Tullio seems two times slower than basic LoopVectorization

ForceBru · April 10, 2022, 2:11pm

I wanted to use Tullio to get rid of lots of nested loops in my code and write Einstein notation instead.

Code

I’m trying to compute a simple sum:

elbo_tullio(G::AbstractMatrix, p::AbstractVector, mu::AbstractVector, var::AbstractVector, x::AbstractVector) =
    @tullio ret := G[k,n] * (log(p[k]) - (log(2pi) + log(var[k]) + (x[n] - mu[k])^2 / var[k]) / 2 - log(G[k, n] + 1e-100)) grad=false

Same function with raw loops using LoopVectorization:

function elbo(G, p, mu, var, x)
    K, N = size(G)
    ret = G |> eltype |> zero
    @tturbo for k ∈ 1:K, n ∈ 1:N
        q = G[k, n]
        ret += q * (
            log(p[k]) - (log(2pi) + log(var[k]) + (x[n] - mu[k])^2 / var[k]) / 2 - log(q + 1e-100)
        )
    end

    ret
end

Benchmarks

$ julia-1.8 --threads=4
julia> G, p, mu, var, x = rand(3, 400), rand(3), randn(3), rand(3), randn(400);

julia> # Define `elbo` and `elbo_tullio`...

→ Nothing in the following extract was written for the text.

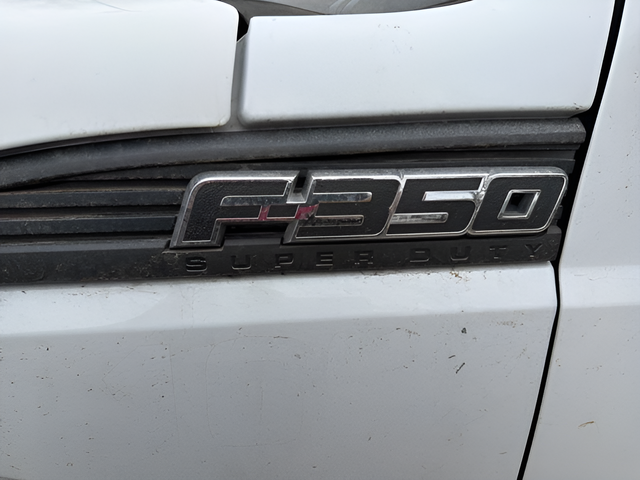 2013 Ford F-350 Chassis DRW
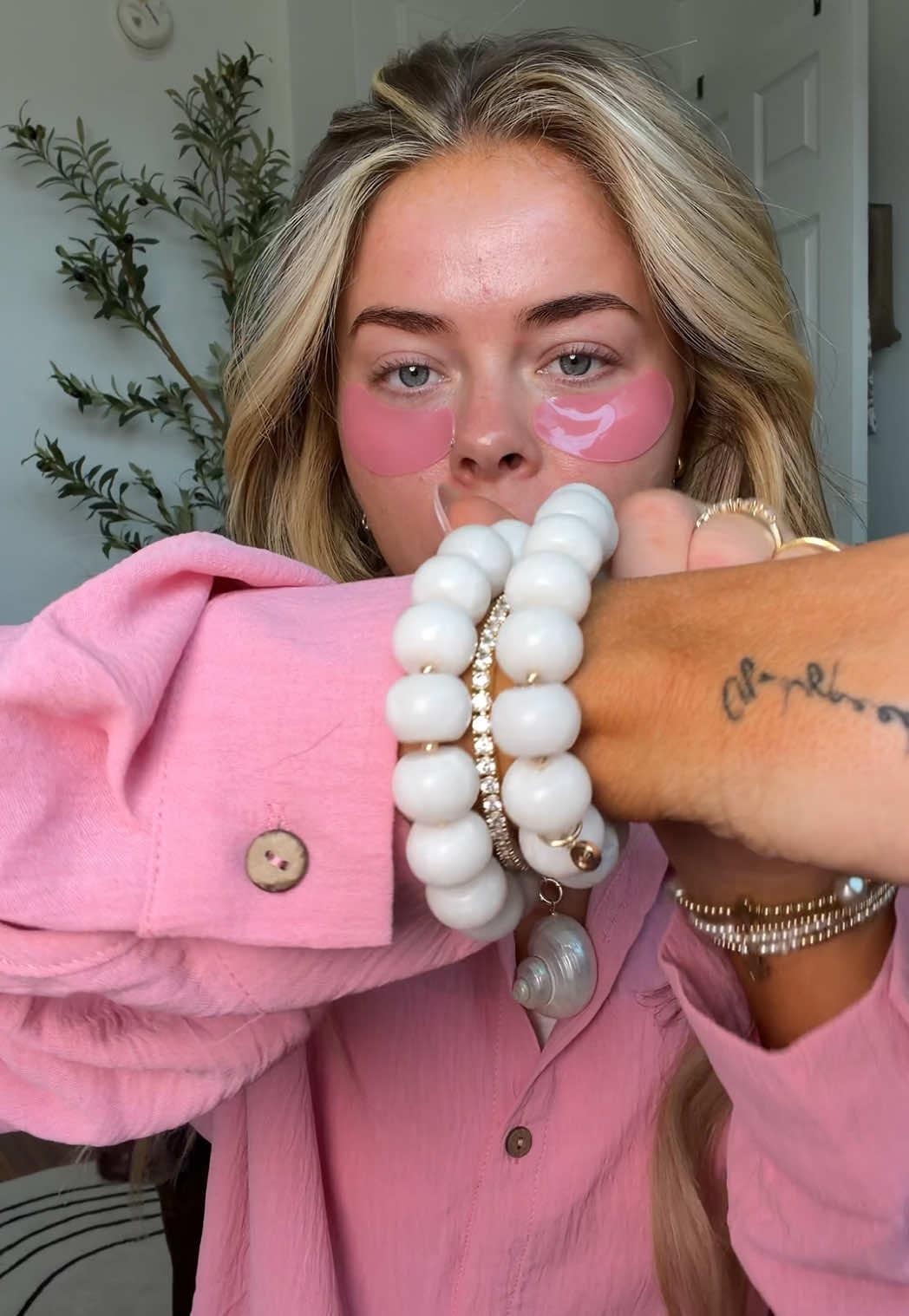 TikTok post by @tiiffancy for Ettika. Caption reads: summer jewelry w @Ettika 🌞🩵🐚✨ #fyp #jewelry....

julia> elbo_tullio(G, p, mu, var, x) ≈ elbo(G, p, mu, var, x)
true

julia> @benchmark $elbo_tullio($G, $p, $mu, $var, $x)
BenchmarkTools.Trial: 10000 samples with 1 evaluation.
 Range (min … max):  18.097 μs … 79.455 μs  ┊ GC (min … max): 0.00% … 0.00%
 Time  (median):     18.237 μs              ┊ GC (median):    0.00%
 Time  (mean ± σ):   18.558 μs ±  1.491 μs  ┊ GC (mean ± σ):  0.00% ± 0.00%

  ▇▇█▁     ▃▃▄                 ▂▂▃        ▁▂▂                 ▂
  ████▄▁▃▃▁████▁▁▁▁▁▁▁▁▁▁▁▁▁▁▁▁███▇▆▃▁▃▁▁▁████▅▄▄▃▃▃▃▁▄▃▁▁▁▁▃ █
  18.1 μs      Histogram: log(frequency) by time      21.9 μs <

 Memory estimate: 16 bytes, allocs estimate: 1.

julia> @benchmark $elbo($G, $p, $mu, $var, $x)
BenchmarkTools.Trial: 10000 samples with 1 evaluation.
 Range (min … max):   9.715 μs … 110.423 μs  ┊ GC (min … max): 0.00% … 0.00%
 Time  (median):      9.793 μs               ┊ GC (median):    0.00%
 Time  (mean ± σ):   10.095 μs ±   1.826 μs  ┊ GC (mean ± σ):  0.00% ± 0.00%

  ▇█▃         ▅▄    ▃▄                                         ▂
  ███▁▁▁▁▁▁▁▁███▇▅▄▃███▆▃▄▄▅▄▃▃▁▃▁▁▃▁▁▃▄▅▄▁▄▃▃▁▁▁▁▁▃▁▃▃▁▁▃▁▃▁▃ █
  9.72 μs       Histogram: log(frequency) by time      13.2 μs <

 Memory estimate: 0 bytes, allocs estimate: 0.

julia> versioninfo()
Julia Version 1.8.0-beta3
Commit 3e092a2521 (2022-03-29 15:42 UTC)
Platform Info:
  OS: macOS (x86_64-apple-darwin18.7.0)
  CPU: 4 × Intel(R) Core(TM) i5-3330S CPU @ 2.70GHz
  WORD_SIZE: 64
  LIBM: libopenlibm
  LLVM: libLLVM-13.0.1 (ORCJIT, ivybridge)
  Threads: 4 on 4 virtual cores

Apparently, Tullio is about 1.84 times slower than my basic implementation? Moreover, Tullio uses only one core, while LoopVectorization uses two. I guess that’s why Tullio is around two times slower? I tried playing around with the threads option to @tullio and didn’t get any speedups. For example, with the above setup, any threads<100 uses all 4 cores, but takes 45 μs to complete, which is way slower than 18 μs in my original Tullio code.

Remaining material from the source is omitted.